It’s the most wonderful time of the year. The holiday season means joy and family, but it also means some crazy times in the office, including annual review time. Every year, we have expectations for an annual review. You have opinions on how hard you worked this year, how well you managed your responsibilities and whether or not you were a good team member. Now you’ll find out if your boss has the same opinions,
Before your annual review, it’s a good idea to prepare. Think of this as an opportunity to interview for your job once more and perhaps, an opportunity to lay the groundwork for asking for a promotion. Here are our hints on the best ways to handle your annual review:
Your boss has put work into your annual review and you should too. Write down some specific examples of good things you’ve done this year. Consider adding some things that you love about your job. Mentioning these could lead to more of them. For example, if you mention that you loved working on the company presentation and feel you did a good job, perhaps your boss will push more of those projects your way.

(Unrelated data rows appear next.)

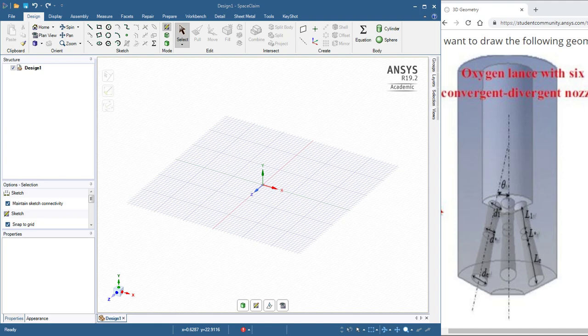Hello, this is Peter Newman. I'm a member on the ANSYS student community, and I have a question about how to create this geometry of convergent-divergent nozzles, six of them inside this cylindrical object.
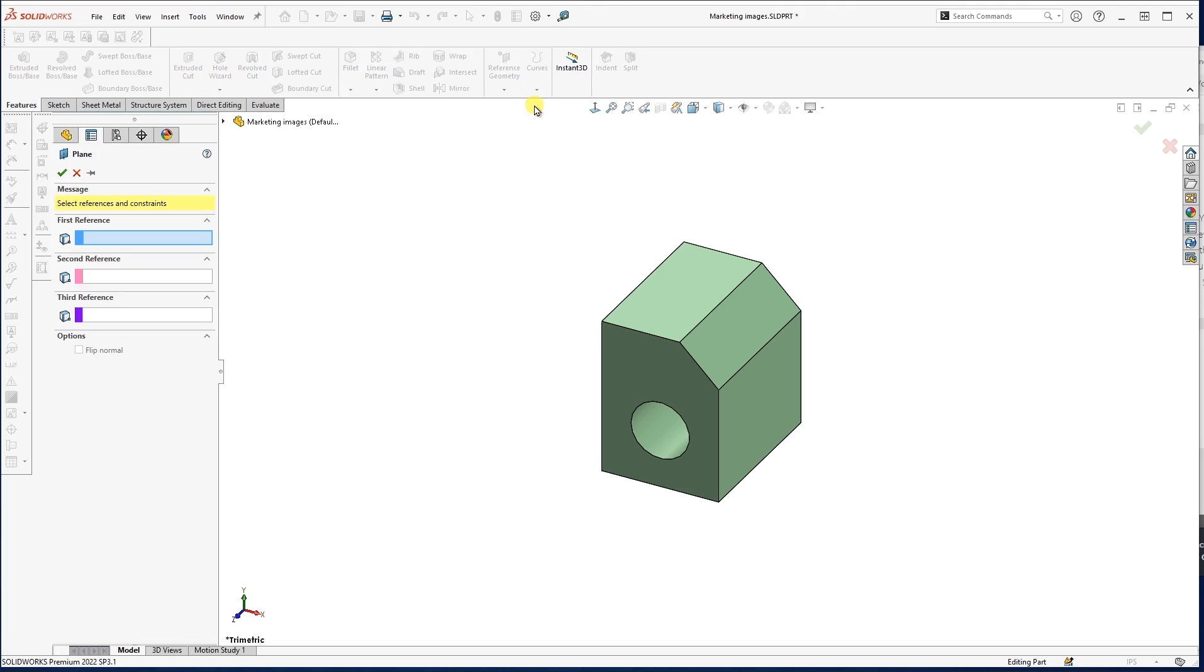Now with reference planes, SOLIDWORKS isn't going to hold your hand and tell you, hey, insert a number here, click this button, make this choice. What it's asking for is up to three references. And depending on what kind of reference we give it is going to change what kind of reference plane we get.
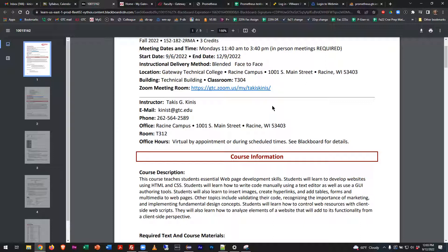What you should know about the web program — and this is really important — you guys are here for a daytime section, but the web program is predominantly an evening program. Most of our classes, especially when you get to the tail end of the degree, will only be offered at night or online. Some of us instructors are very reluctant to have early morning classes — that's why this is an 11:40 start instead of like an 8 AM, because sometimes we teach till 10 o'clock the night before.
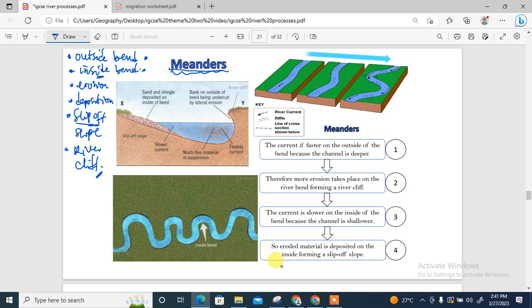Around the river cliff, you have the fastest amount of erosion at the outside bend, leading to the formation of a river cliff. The current is fastest on the outside of the bend because the channel is deeper — that's the thalweg, the fastest part at which the river flows. Therefore more erosion takes place, forming a river cliff. The current is slower on the inside bend, so the channel is shallower.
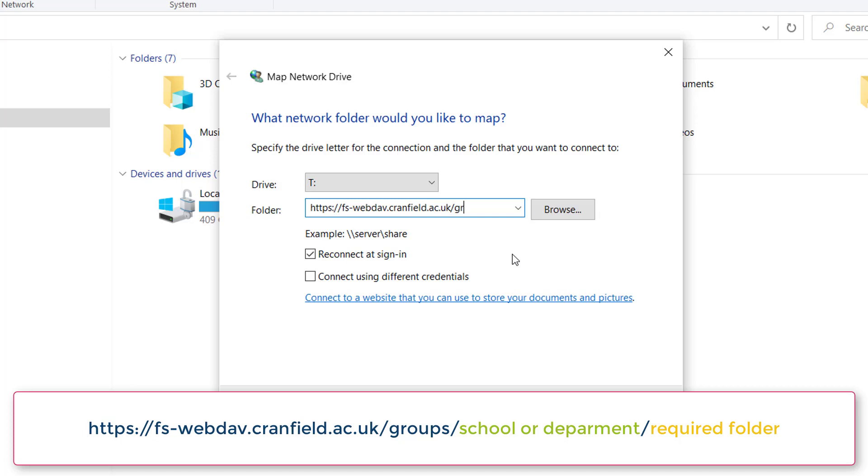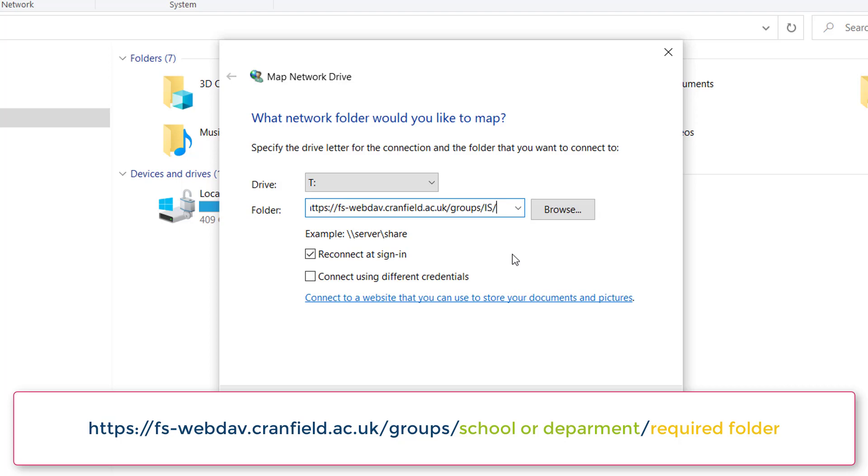Follow this with /groups, then /school or department name, then another forward slash and the folder name you wish to connect to.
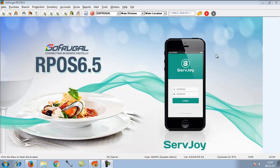In this video, we will see how to map the barcode PRN file in the GoFrugal Arcos 6.5.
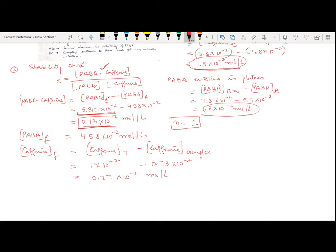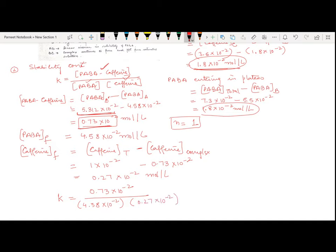Now I know all three values for the stability constant. The stability constant = (0.73 × 10⁻²) divided by (4.58 × 10⁻²) multiplied by (0.27 × 10⁻²). This comes out to be nearly 59 liters per mole. Thank you.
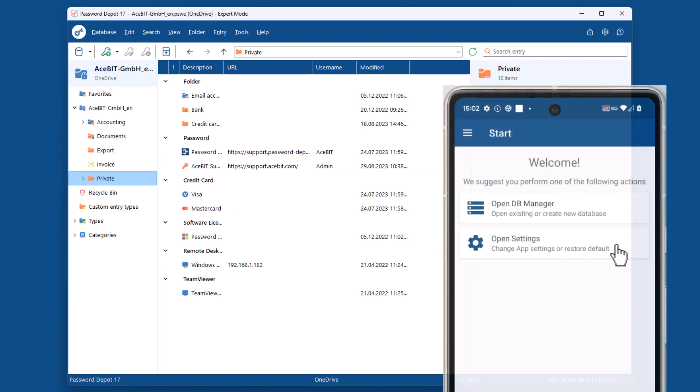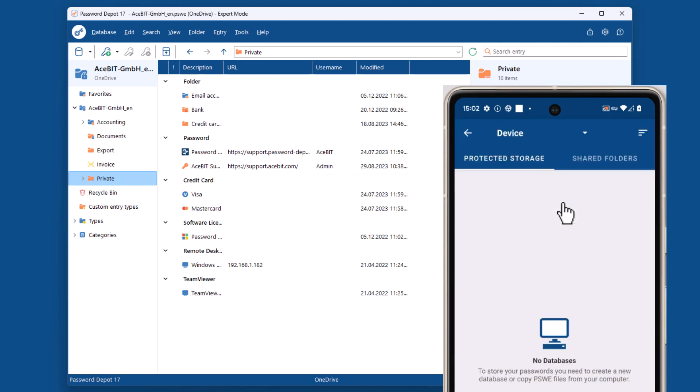To open the same database on your mobile device, tap on OpenDB Manager, select your cloud service, and enter your credentials to log in.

Not only is it simply good practice to take notes in every meeting, it also shows your manager that you care about your job and their opinion of your performance at work. Make sure to note down both positive features and the negative features raised by your boss during your review.
Be ready for criticism.
As someone who has performed many reviews, I can tell you that a manager is always encouraged to deliver some good feedback and also some areas for improvement. You could be the very best employee, but there are still areas for growth, so be ready for some negatives.
Areas for improvement are actually a really great thing. If you note the ways your boss would like you to improve, you could return to them in six months, with specific examples of those things completed and potentially consider asking for a raise, or a promotion. So, if you don’t have any negatives mentioned in your annual review, you might want to ask for some.
And here’s two things to avoid during your annual review:
Don’t discuss other people.
This is your review and not the right time to air grievances. Don’t blame someone else or talk badly about a teammate. It will reflect poorly on you.
Avoid becoming emotional.
Sometimes, tears just flow and tempers bubble. It’s not good to be too emotional in the workplace as it makes other people uncomfortable, so if there’s a way to avoid it, take that way. For me, emotions tend to be heightened when I’m tired or anxious, so I rest the night before a big meeting and try to go for a walk or breathe slowly right before I have to go in.
If you feel yourself getting angry during your annual review, focus on taking notes and try to stay calm. Be polite and ask if you can think about what your boss has said and revisit it in a few days. Taking the time to calm down and think through your feelings logically will help you avoid saying or doing something you might regret.
Annual reviews can make people very nervous, but when you think outside the box, you can see the benefits of having them. We think they’re so beneficial that, if your company doesn’t perform annual reviews, we would recommend asking for one!